Look in the data below for the line that has "Bandmax Cuban Bracelets", then print exactly every line from there through the line that has "Old forgotten rusty", leaving pictures out.

Short web captions
○ ○ ○ ○ ○

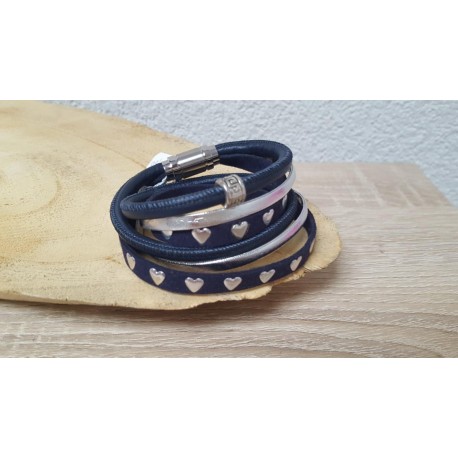Leren wikkelarmband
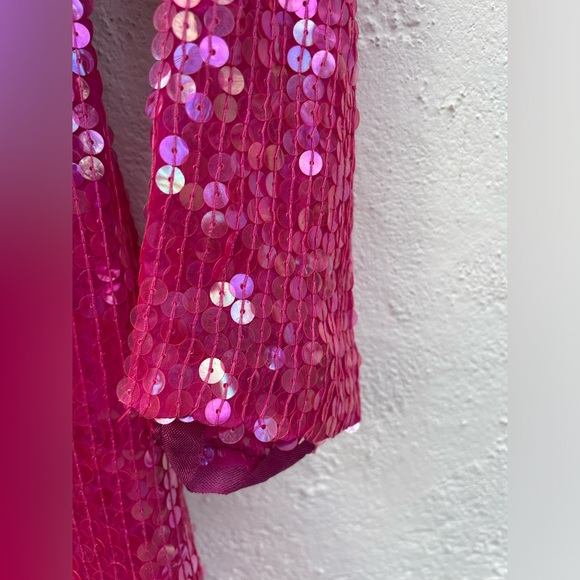 Vintage 80βs SEQUINS Hot Pink Cocktail Dress/ 80βs PINK Sheath Dress Size 6 - Picture 13 of 13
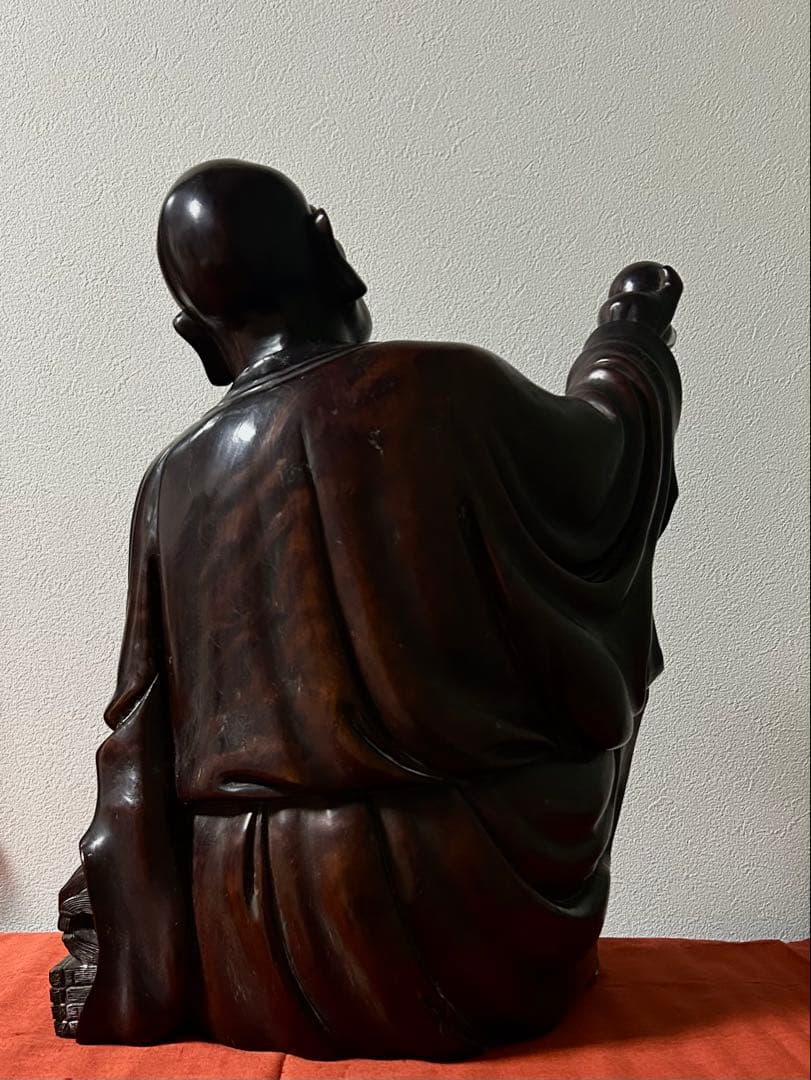 中国 時代 銘木紫檀 羅漢坐像 阿羅漢 座像 10kg 高さ43.5cm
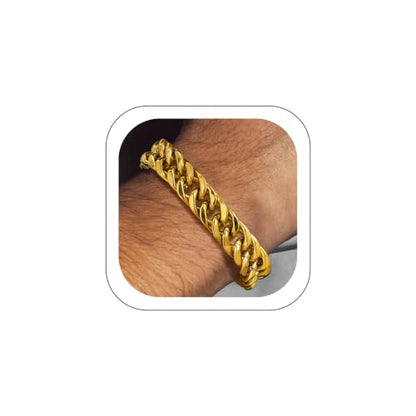Bandmax Cuban Bracelets for Men, Stainless Steel Link, 7.5"/8.3"/9" Length | 7/8/12mm Width, Miami Wristlet Chain, Steel/Black/Gold Tone, Hip Hop Jewelry, Gift for Son Grandson Husban - color: Gold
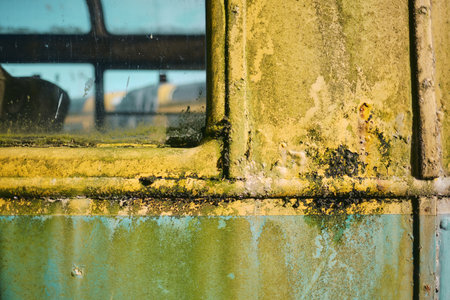 Old forgotten rusty Blackpool trams. Famous iconic seaside tourist attraction transport carriages. Rusting historic iconic trams rusting and rotting in a scrapyard.の写真素材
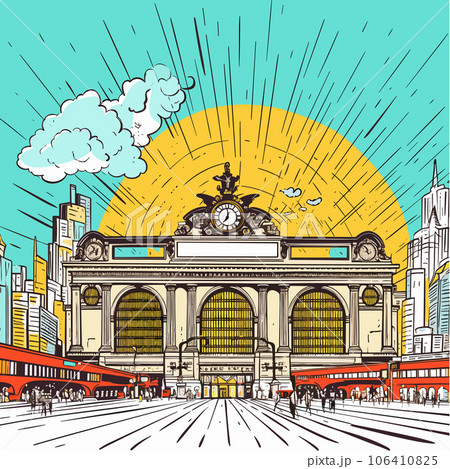 Grand Central Terminal. Grand Central Terminal hand-drawn comic illustration. Vector doodle style cartoon illustration Grand Central Terminal. Grand Central Terminal hand-drawn comic illustration. Vector doodle style cartoon illustration 106410825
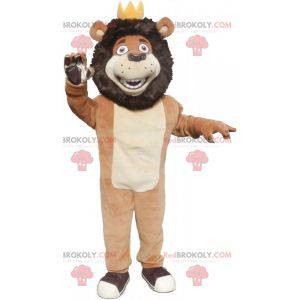 Mascotte de lion noir beige et blanc avec une couronne -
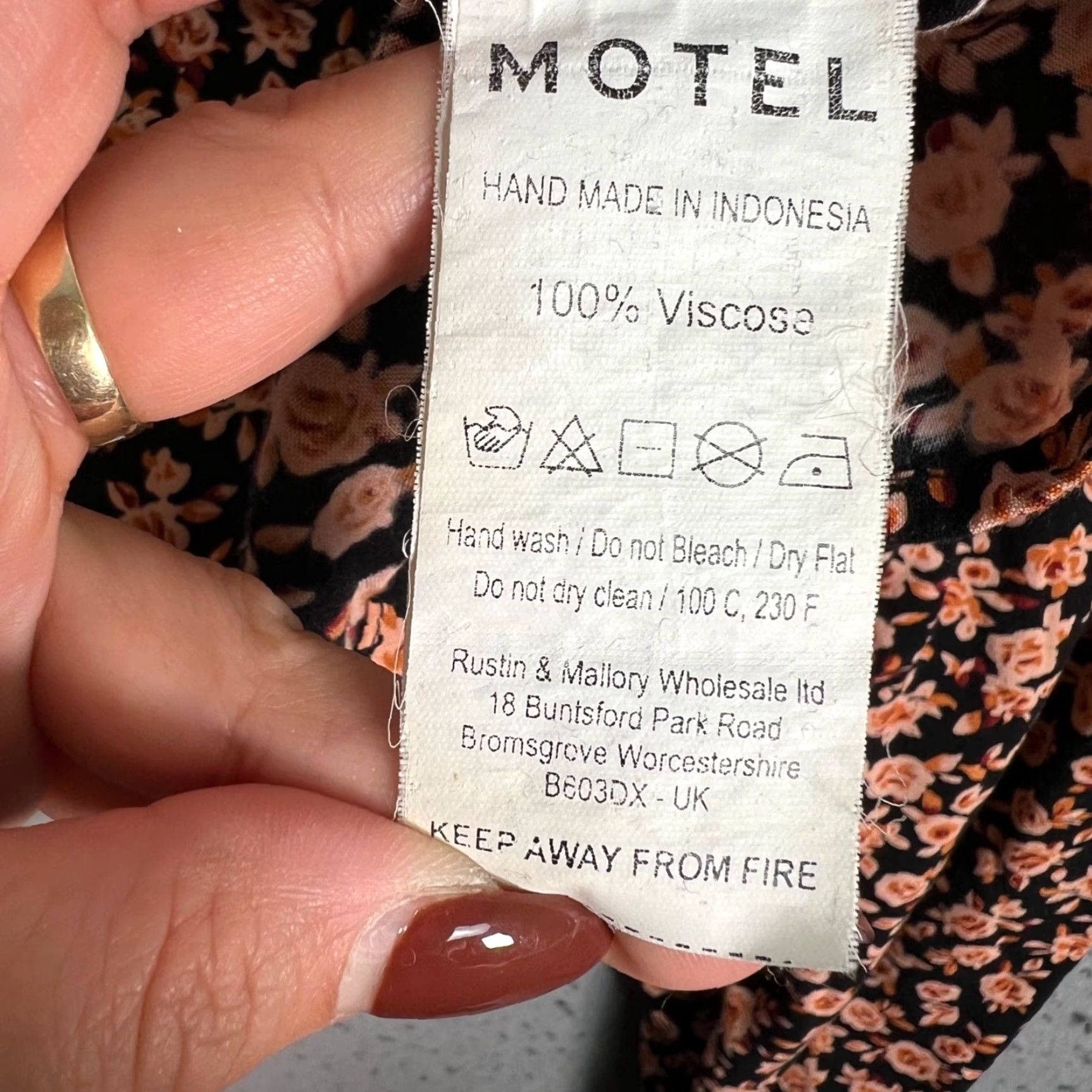 Vintage Motel Shirt Cropped Floral Long Sleeve Black & Orange Womens Medium Size M / US 6-8 / IT 42-44 - 4 Thumbnail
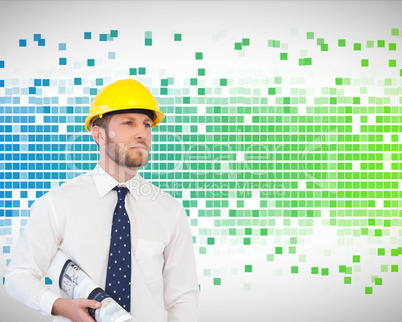 Composite image of young architect posing with hard hat and plan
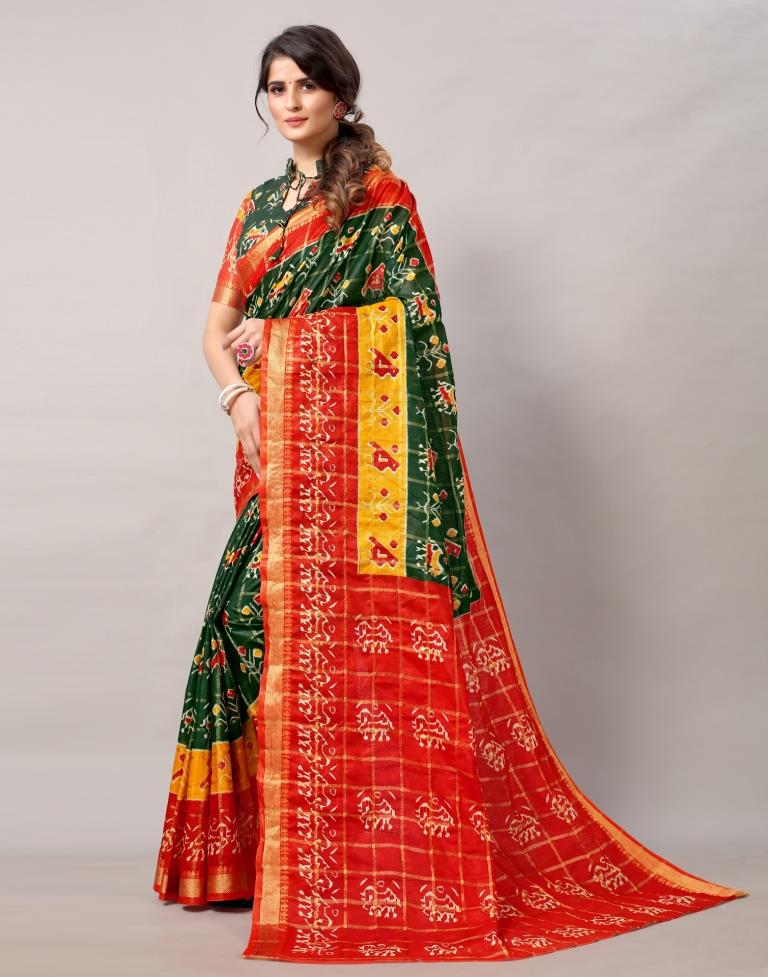 Green Coloured Patola Printed Saree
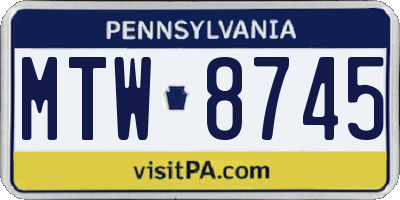 PA license plate MTW8745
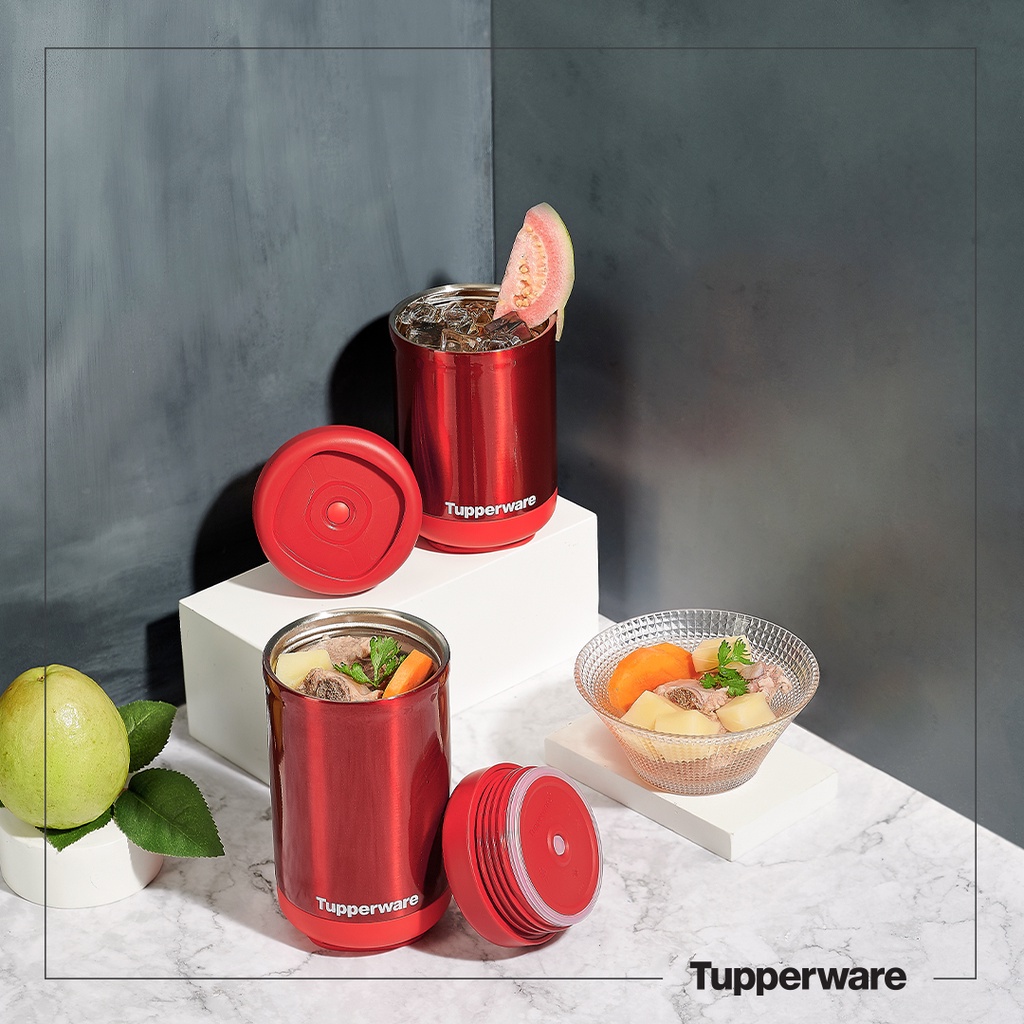 Bình, hộp giữ nhiệt Tupperware Stacking Thermal 350ml/475ml (Màu mới) - Bảo hành 12 tháng - Lõi thép không gỉ 304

○ ○ ○ ○ ○

▶ [Final answer]:
Bandmax Cuban Bracelets for Men, Stainless Steel Link, 7.5"/8.3"/9" Length | 7/8/12mm Width, Miami Wristlet Chain, Steel/Black/Gold Tone, Hip Hop Jewelry, Gift for Son Grandson Husban - color: Gold
 Old forgotten rusty Blackpool trams. Famous iconic seaside tourist attraction transport carriages. Rusting historic iconic trams rusting and rotting in a scrapyard.の写真素材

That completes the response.